Theory
Now that the even ghost carpet is down, today you drop real notes onto it to make a true groove. Onto yesterday's "chick-chick," deciding which spots get a clear "ta" is the whole of today.
There's one hand position. Today's sound is a small high-register stab on the 3rd and 2nd strings (diagram below). Here, pressing the left hand gives a real note ("ta"); releasing gives a ghost ("chick"). Same spot, only the pressure differs. So without the hand traveling anywhere, the groove is built from pressure on/off alone.
The key principle: real notes get more sophisticated the more you ration them. Beginners keep sprinkling "ta" everywhere and make noise. Pros stab "ta" in just a spot or two and let everything else flow as "chick." That restraint is the groove's negative space. And shifting that "ta" by a single slot makes it sound like a whole different tune — today you'll experiment with that magic yourself.
At first, switching the pressure on and off won't sit in your hand. Of course. Slowly repeat pressing lightly only on the "ta" spot and releasing right after, and at some point your finger flips like a switch on its own. So it's fine if it doesn't click today. This on/off pressure feel becomes a lifelong weapon for funk guitar, so it's well worth the time you put in.
See it
Today's sound material — a high stab on the 3rd and 2nd strings. From this one spot, left-hand pressure alone moves between 'ta' (real) and 'chick' (ghost).
High-E stab (2 strings). 3rd string is the root (R), 2nd string the 3rd. Mute the rest firmly. Press this spot for "ta," release for "chick."
Example 1 — real + ghost mix (1 bar). "Ta" on the head of beats 1 and 3, "ta" on the "and" of beat 2, everything else "chick." Three real notes mark the beat.
▶ BPM 68. Know the "ta" spots in advance and press only at those instants. Repeat 4×, listening to the contrast.
Example 2 — a pushed groove (2 bars). Alternate "ta" between the head and tail of the beat for a slight delay. This is funk's "grind."
▶ BPM 68. Once easy, shift the "ta" spots slot by slot into your own groove.
Today's practice
0–10 min · Warm-up BPM 60–70. Over yesterday's ghost carpet, drop a single "ta" anywhere to warm up the pressure on/off.

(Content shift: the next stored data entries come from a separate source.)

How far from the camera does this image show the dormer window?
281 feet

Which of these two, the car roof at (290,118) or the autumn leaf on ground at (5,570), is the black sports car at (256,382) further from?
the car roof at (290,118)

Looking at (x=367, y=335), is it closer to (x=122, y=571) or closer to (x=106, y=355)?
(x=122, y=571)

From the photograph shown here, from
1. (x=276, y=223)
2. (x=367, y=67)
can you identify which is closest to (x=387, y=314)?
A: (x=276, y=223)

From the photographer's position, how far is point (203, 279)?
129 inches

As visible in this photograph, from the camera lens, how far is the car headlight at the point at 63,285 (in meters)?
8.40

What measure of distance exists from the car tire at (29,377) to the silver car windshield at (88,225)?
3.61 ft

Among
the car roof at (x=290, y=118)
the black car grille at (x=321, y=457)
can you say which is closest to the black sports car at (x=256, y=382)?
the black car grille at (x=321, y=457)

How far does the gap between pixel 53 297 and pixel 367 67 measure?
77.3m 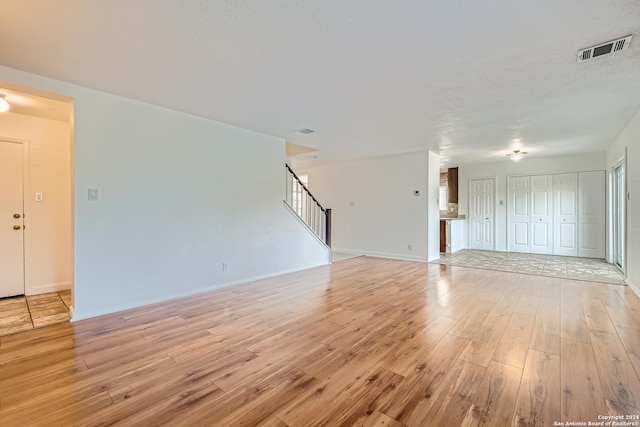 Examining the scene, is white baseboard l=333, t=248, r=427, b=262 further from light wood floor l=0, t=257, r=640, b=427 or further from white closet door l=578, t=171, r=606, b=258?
white closet door l=578, t=171, r=606, b=258

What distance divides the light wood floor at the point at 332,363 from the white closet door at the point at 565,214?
3.94 metres

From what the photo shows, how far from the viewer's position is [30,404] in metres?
1.74

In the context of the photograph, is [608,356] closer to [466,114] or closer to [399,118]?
[466,114]

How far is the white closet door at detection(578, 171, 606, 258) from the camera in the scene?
22.1ft

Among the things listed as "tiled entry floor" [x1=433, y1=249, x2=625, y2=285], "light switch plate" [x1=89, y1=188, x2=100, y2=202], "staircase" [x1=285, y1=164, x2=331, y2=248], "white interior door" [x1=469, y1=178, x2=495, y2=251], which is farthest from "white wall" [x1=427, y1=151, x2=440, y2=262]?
"light switch plate" [x1=89, y1=188, x2=100, y2=202]

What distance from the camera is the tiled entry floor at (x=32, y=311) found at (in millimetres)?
2910

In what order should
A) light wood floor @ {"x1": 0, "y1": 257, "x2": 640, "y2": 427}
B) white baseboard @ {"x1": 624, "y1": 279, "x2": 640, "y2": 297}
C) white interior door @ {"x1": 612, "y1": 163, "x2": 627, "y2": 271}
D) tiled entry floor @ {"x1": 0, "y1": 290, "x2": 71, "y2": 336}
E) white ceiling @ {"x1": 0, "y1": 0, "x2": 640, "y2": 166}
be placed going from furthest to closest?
white interior door @ {"x1": 612, "y1": 163, "x2": 627, "y2": 271} → white baseboard @ {"x1": 624, "y1": 279, "x2": 640, "y2": 297} → tiled entry floor @ {"x1": 0, "y1": 290, "x2": 71, "y2": 336} → white ceiling @ {"x1": 0, "y1": 0, "x2": 640, "y2": 166} → light wood floor @ {"x1": 0, "y1": 257, "x2": 640, "y2": 427}

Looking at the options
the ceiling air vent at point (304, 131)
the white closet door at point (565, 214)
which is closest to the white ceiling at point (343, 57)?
the ceiling air vent at point (304, 131)

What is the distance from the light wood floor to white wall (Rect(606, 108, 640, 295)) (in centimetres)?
68

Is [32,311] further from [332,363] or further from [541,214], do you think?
[541,214]

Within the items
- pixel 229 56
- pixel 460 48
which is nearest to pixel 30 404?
pixel 229 56

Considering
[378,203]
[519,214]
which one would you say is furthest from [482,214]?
[378,203]

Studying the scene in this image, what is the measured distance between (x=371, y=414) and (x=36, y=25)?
3391mm

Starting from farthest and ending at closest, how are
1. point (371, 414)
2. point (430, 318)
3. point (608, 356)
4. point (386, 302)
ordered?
point (386, 302), point (430, 318), point (608, 356), point (371, 414)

10–20 min · Brain training (today's target = placing "ta") Count "ta-chick-chick-ta," pinpointing today's "ta" spots. Picture which 16ths carry the real note.

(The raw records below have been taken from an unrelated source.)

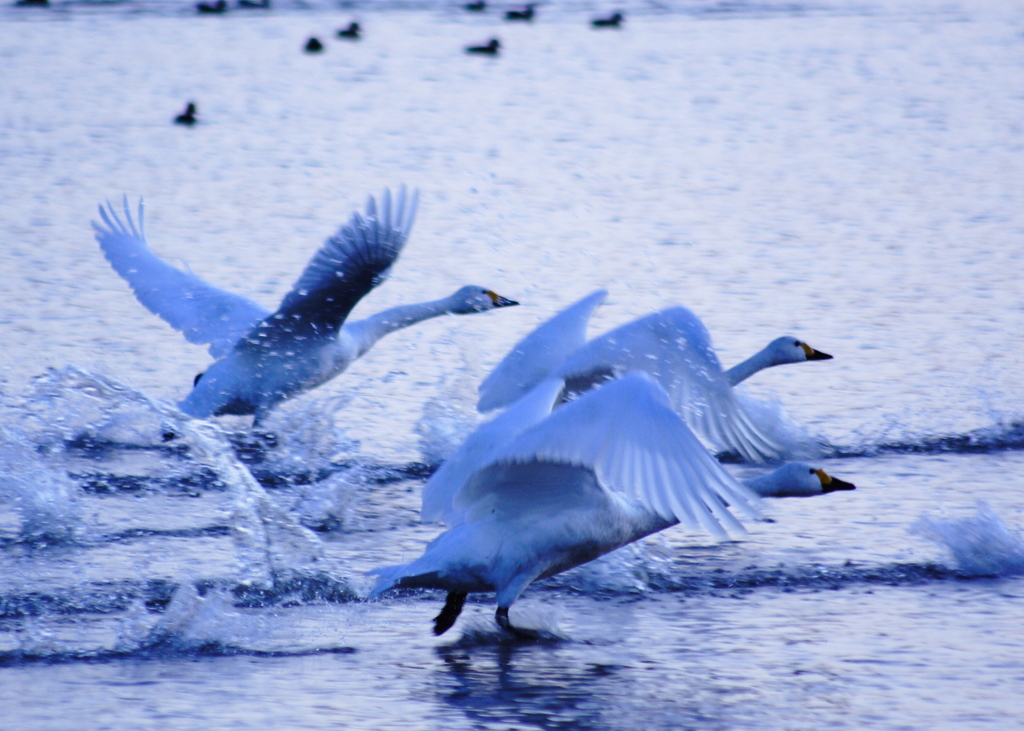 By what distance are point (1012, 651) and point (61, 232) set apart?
1063 cm

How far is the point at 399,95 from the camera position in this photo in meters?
25.5

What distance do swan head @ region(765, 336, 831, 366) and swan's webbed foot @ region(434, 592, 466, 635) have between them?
8.17ft

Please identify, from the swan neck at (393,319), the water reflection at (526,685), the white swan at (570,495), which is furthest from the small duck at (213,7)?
the water reflection at (526,685)

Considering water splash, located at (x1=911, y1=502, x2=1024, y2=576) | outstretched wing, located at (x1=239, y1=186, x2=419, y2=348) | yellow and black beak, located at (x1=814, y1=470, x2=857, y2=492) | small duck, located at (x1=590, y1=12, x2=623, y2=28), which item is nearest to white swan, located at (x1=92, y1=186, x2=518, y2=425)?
outstretched wing, located at (x1=239, y1=186, x2=419, y2=348)

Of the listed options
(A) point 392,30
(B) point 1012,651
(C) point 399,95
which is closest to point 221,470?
(B) point 1012,651

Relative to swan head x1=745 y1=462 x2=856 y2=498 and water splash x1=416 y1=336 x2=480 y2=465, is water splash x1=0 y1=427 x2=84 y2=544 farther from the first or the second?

20–40 min · Real groove (Examples 1·2 / BPM 68) Repeat Example 1 (mix) 4× at BPM 68 → then Example 2 (pushed groove). Once easy, shift the "ta" spots to vary it. Ration the real notes.
40–50 min · Record & reflect (recommended) Record and check: is the ta/chick contrast clear / is the timing of real notes accurate / is the ghost background clean?

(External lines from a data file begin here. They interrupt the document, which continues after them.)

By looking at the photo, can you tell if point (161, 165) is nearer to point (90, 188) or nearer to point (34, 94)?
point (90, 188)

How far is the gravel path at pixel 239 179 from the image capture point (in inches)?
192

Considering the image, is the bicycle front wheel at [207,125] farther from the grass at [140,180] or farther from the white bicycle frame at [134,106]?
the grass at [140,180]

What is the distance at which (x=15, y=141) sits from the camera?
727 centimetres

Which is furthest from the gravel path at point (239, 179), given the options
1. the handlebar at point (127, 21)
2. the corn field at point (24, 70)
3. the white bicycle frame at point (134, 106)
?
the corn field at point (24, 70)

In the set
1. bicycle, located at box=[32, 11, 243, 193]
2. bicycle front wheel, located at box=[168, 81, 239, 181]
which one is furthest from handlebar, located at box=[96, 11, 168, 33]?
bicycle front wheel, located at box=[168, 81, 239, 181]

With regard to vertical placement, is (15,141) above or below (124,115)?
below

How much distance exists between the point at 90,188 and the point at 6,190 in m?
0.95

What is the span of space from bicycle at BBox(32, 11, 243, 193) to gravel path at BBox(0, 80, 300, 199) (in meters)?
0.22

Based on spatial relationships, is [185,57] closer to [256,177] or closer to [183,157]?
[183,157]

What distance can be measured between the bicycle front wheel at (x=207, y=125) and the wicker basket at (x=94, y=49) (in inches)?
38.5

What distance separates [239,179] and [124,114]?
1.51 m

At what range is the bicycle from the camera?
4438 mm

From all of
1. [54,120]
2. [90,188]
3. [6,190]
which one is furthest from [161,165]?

Done when: from one hand position, using only pressure on/off, you can place real notes on the 16ths you choose to build a groove.
- Too many "ta"s. Frequent real notes make the groove noisy. Just a spot or two; the rest "chick."
- Moving the hand for "ta." No need to travel. Same spot, only pressure on/off.
- Ghosts vanish. Fixating on "ta," the background "chick" cuts and the carpet disappears. Keep the ghosts going.
- Timing drags. Pressing late drags the "ta." Prepare just before that spot arrives.